#### RECORDS SUPPLIED ####

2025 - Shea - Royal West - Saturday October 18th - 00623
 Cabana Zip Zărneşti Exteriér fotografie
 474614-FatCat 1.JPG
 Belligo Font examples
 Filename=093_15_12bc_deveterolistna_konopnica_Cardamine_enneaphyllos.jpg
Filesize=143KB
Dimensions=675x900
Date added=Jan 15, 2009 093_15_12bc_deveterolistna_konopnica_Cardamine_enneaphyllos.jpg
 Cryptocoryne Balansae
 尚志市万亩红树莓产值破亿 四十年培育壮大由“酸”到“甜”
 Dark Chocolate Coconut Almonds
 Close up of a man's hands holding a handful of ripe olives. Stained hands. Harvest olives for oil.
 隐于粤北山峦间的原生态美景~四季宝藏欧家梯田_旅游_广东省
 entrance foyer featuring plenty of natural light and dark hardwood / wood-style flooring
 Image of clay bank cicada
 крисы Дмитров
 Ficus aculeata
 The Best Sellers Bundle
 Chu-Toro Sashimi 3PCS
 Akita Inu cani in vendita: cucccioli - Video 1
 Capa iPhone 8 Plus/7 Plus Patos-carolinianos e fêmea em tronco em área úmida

####

A word-for-word restatement of the lines running from the one with "Chu-Toro Sashimi 3PCS" to the last line of the records is the whole answer.

 Chu-Toro Sashimi 3PCS
 Akita Inu cani in vendita: cucccioli - Video 1
 Capa iPhone 8 Plus/7 Plus Patos-carolinianos e fêmea em tronco em área úmida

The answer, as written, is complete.